I've done this problem and I have a feeling it's incorrect. I've never done a problem like this so I am kind of confused on how else to go about doing it. The goal is to change the cartesian integral
$$\int_{-a}^{a}\int_{-\sqrt{a^2-x^2}}^{\sqrt{a^2-x^2}}\,dy\,dx$$
into an integral in polar coordinates and then evaluate it.
Changing to polar coordinates I got the integral
$$\int_{0}^{\pi}\int_{-a}^{a}r\,dr\,d\theta$$
and evaluating this integral I ended up with an integrand of 0 to integrate with respect to \(d\theta\) and I wasn't entirely sure how to integrate that so I thought it might just be \(\pi\).
I really feel like there's no way that answer could be correct, seeing as the integral is of half a circle with radius \(a\) and the answer has nothing to do with \(a\). If someone could let me know where I went wrong that would be great.

 

[Prove It]

Re: evaluating a double integral in polar coordinates

Since you are integrating over an entire circle of radius |a| centred at (0, 0), that means the angle swept out is actually [math] \displaystyle 2\pi [/math], which means your [math] \displaystyle \theta [/math] bounds are actually 0 to [math]\displaystyle 2\pi [/math].

 

[chisigma]

Re: evaluating a double integral in polar coordinates

I've done this problem and I have a feeling it's incorrect. I've never done a problem like this so I am kind of confused on how else to go about doing it. The goal is to change the cartesian integral
$$\int_{-a}^{a}\int_{-\sqrt{a^2-x^2}}^{\sqrt{a^2-x^2}}\,dy\,dx$$
into an integral in polar coordinates and then evaluate it.
Changing to polar coordinates I got the integral
$$\int_{0}^{\pi}\int_{-a}^{a}r\,dr\,d\theta$$
and evaluating this integral I ended up with an integrand of 0 to integrate with respect to \(d\theta\) and I wasn't entirely sure how to integrate that so I thought it might just be \(\pi\).
I really feel like there's no way that answer could be correct, seeing as the integral is of half a circle with radius \(a\) and the answer has nothing to do with \(a\). If someone could let me know where I went wrong that would be great.

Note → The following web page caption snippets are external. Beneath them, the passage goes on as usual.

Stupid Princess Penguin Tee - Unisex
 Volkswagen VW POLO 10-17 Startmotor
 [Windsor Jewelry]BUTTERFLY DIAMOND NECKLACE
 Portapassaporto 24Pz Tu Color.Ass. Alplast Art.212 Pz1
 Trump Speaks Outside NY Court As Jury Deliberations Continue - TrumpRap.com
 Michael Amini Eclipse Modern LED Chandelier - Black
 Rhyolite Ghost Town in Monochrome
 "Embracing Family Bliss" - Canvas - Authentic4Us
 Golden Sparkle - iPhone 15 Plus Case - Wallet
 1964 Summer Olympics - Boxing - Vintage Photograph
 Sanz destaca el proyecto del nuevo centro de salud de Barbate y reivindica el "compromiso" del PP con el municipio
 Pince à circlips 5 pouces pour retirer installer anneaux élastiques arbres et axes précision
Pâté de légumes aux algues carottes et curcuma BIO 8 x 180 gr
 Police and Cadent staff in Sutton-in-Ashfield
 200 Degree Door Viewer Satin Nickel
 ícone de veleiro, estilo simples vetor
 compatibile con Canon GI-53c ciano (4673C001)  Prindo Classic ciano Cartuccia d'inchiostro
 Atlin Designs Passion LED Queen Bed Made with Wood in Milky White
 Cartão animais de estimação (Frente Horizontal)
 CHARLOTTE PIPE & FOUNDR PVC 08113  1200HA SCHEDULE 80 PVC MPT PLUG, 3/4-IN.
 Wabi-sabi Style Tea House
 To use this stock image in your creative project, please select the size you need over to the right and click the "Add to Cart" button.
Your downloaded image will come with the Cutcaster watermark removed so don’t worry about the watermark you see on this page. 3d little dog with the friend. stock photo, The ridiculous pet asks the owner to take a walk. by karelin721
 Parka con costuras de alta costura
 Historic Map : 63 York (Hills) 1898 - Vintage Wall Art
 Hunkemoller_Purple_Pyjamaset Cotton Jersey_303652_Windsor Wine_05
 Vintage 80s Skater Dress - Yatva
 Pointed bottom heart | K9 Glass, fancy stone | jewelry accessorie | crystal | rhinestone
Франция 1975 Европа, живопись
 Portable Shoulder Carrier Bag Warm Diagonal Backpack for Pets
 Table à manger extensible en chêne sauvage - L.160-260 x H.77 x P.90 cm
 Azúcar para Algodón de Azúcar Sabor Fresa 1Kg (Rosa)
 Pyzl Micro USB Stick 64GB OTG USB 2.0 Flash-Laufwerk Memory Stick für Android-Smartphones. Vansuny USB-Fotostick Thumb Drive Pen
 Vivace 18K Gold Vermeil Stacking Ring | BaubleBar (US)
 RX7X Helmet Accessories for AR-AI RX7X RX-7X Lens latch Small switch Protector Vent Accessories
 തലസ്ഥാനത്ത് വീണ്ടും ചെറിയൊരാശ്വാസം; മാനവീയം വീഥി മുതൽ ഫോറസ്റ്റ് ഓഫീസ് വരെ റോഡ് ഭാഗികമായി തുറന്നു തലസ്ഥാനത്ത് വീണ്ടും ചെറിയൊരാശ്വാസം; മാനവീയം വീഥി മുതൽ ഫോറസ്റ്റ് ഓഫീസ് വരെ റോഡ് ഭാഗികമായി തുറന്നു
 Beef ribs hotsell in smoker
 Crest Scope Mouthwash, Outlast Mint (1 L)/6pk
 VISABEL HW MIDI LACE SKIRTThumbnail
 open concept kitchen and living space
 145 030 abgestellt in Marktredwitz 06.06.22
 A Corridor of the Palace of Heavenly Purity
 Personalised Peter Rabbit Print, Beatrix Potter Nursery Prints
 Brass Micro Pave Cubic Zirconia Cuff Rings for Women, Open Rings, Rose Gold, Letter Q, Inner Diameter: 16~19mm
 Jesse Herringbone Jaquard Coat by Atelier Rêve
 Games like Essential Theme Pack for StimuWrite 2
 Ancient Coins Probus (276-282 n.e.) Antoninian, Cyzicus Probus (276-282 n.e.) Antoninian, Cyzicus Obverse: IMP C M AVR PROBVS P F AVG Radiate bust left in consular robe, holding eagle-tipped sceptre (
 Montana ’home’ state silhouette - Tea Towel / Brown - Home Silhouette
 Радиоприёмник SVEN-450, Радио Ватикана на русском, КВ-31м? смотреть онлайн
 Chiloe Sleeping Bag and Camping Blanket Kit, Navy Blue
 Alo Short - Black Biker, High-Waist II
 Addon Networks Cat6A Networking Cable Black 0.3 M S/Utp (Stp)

The bounds of the inner integral are 0 and a, not -a and a so that is...

$\displaystyle S= \int_{0}^{2\ \pi} \int_{0}^{a} r\ d r\ d \theta = \pi\ a^{2}$ (1)

Kind regards

$\chi$ $\sigma$

 

[skate_nerd]

Re: evaluating a double integral in polar coordinates

Thanks guys. I didn't recognize initially that the bounds of the original integral are describing the area of a whole circle. Pretty cool problem now that I get it!